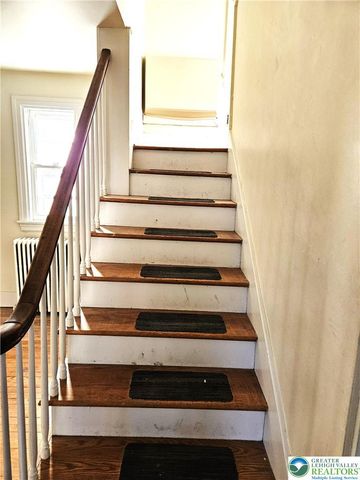 221 East Prospect Street, Nazareth Boro, PA 18064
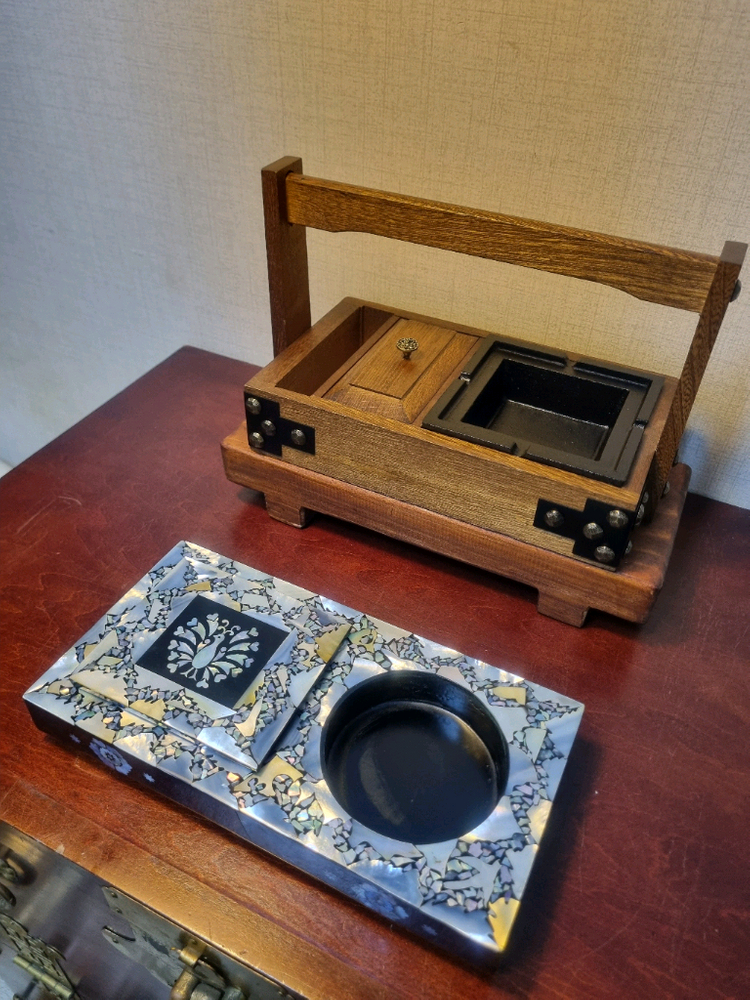 [근대사 기물]한국 나전칠기 자개 상감 연초함+일본 이동식 무쇠 연초함 이미지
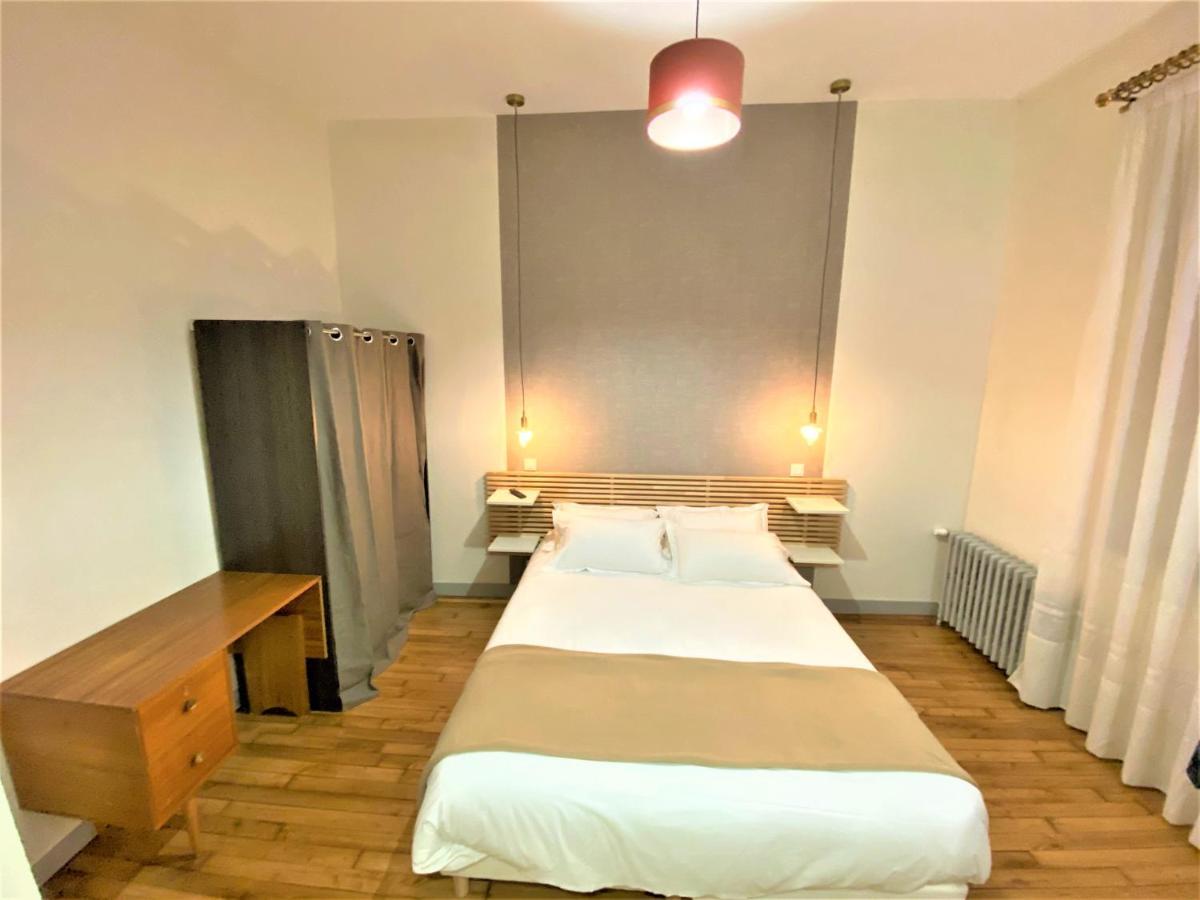 Appartements Rue Sarret Xxl อองเชร์ ภายนอก รูปภาพ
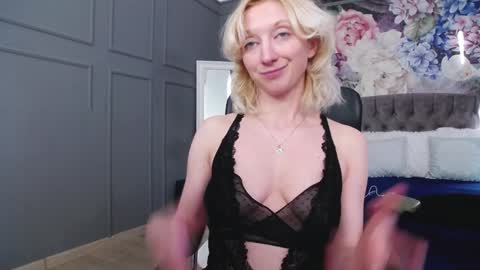 Snapshot of natalie_bitton chatting on January 14, 2025, 10:59 am Natalie online show from January 14, 2025, 10:59 am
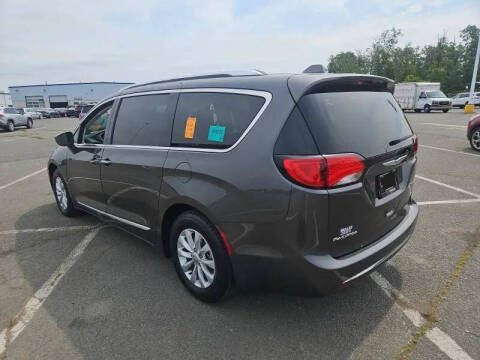 2018 Chrysler Pacifica Touring L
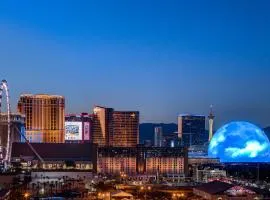 Lucky Gem Penthouse & Luxury Suites 16-807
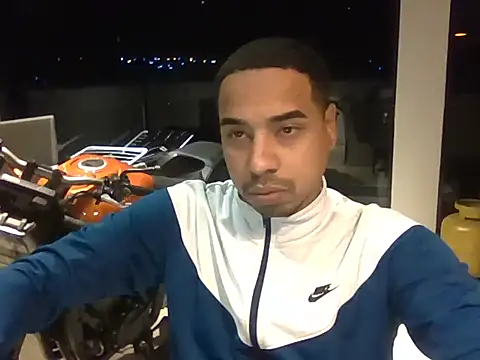 Juninho10c online show from November 1, 2025, 12:34 am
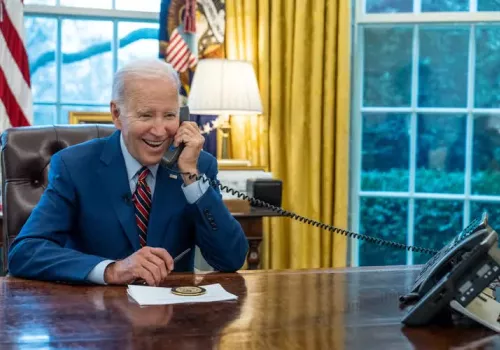 https://www.techspot.com/news/104894-consultant-behind-biden-deepfake-robocalls-hit-6-million.html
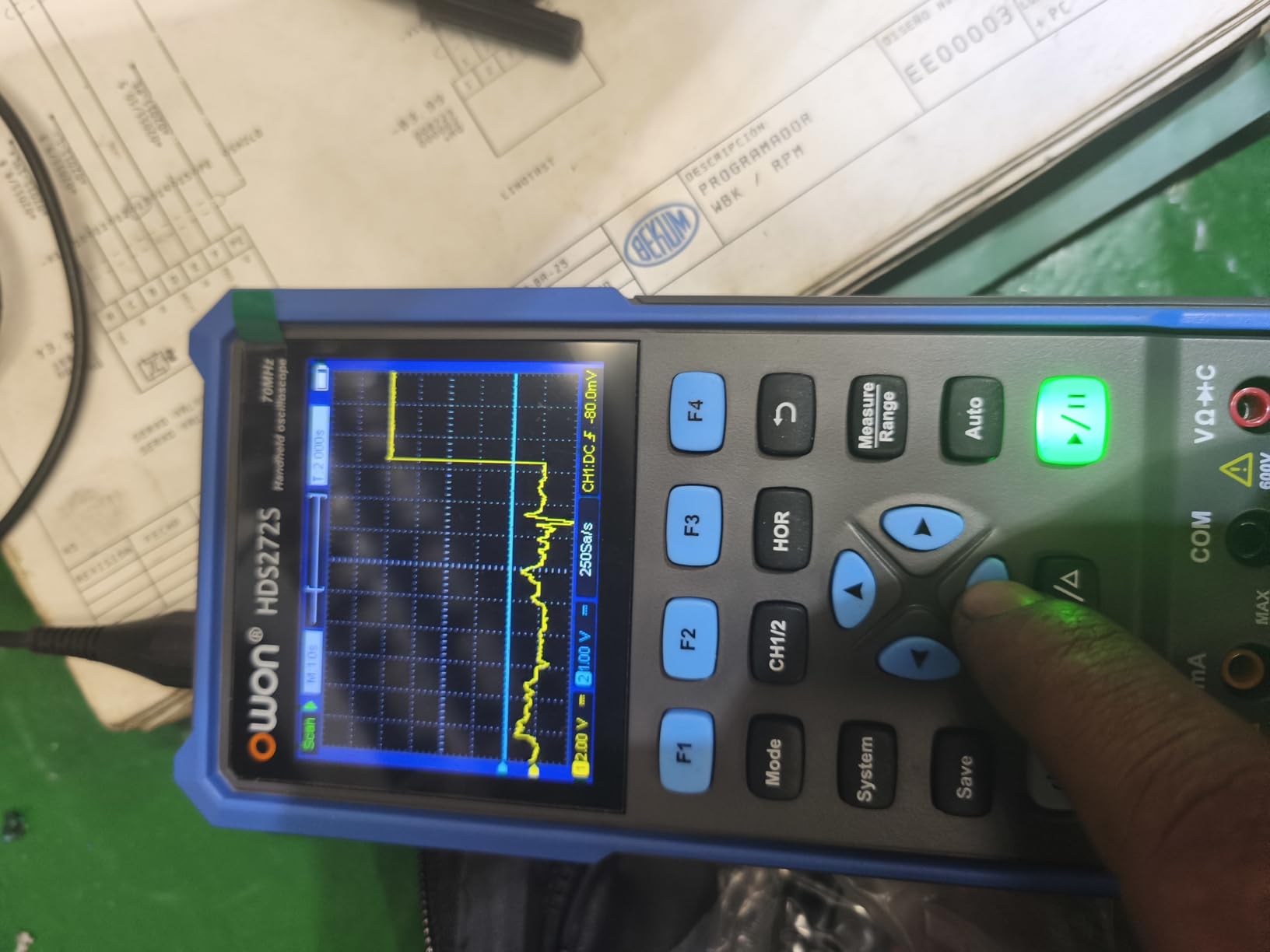 HDS272S Oscilloscope 70MHz 2 CH, Digital Mulitimeter Waveform Generator customer photo 2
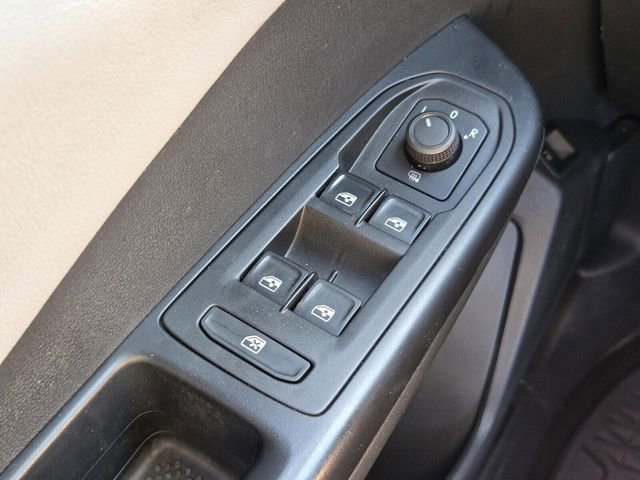 Used 2023 Volkswagen Taos SE image 24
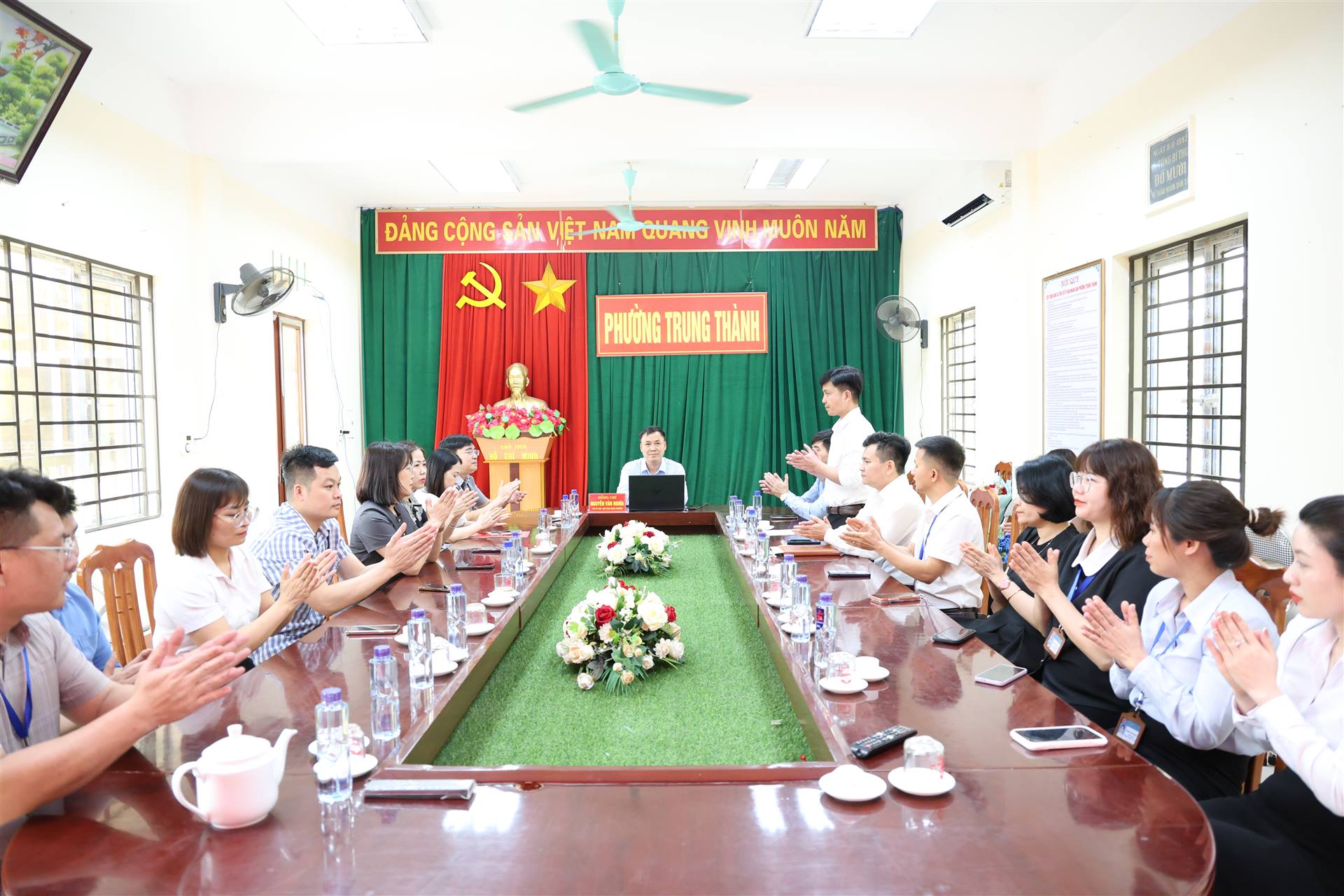 Phường Trung Thành tổ chức Hội nghị công bố Quyết định về công tác cán bộ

EXERCISE DESCRIPTION —
In the answer, include exactly the lines from the one containing "[근대사 기물]한국 나전칠기 자개 상감 연초함+일본 이동식 무쇠 연초함 이미지" through the end of the records above and no pictures at all.

RESULT OF THIS EXERCISE —
 [근대사 기물]한국 나전칠기 자개 상감 연초함+일본 이동식 무쇠 연초함 이미지
 Appartements Rue Sarret Xxl อองเชร์ ภายนอก รูปภาพ
 Snapshot of natalie_bitton chatting on January 14, 2025, 10:59 am Natalie online show from January 14, 2025, 10:59 am
 2018 Chrysler Pacifica Touring L
 Lucky Gem Penthouse & Luxury Suites 16-807
 Juninho10c online show from November 1, 2025, 12:34 am
 https://www.techspot.com/news/104894-consultant-behind-biden-deepfake-robocalls-hit-6-million.html
 HDS272S Oscilloscope 70MHz 2 CH, Digital Mulitimeter Waveform Generator customer photo 2
 Used 2023 Volkswagen Taos SE image 24
 Phường Trung Thành tổ chức Hội nghị công bố Quyết định về công tác cán bộ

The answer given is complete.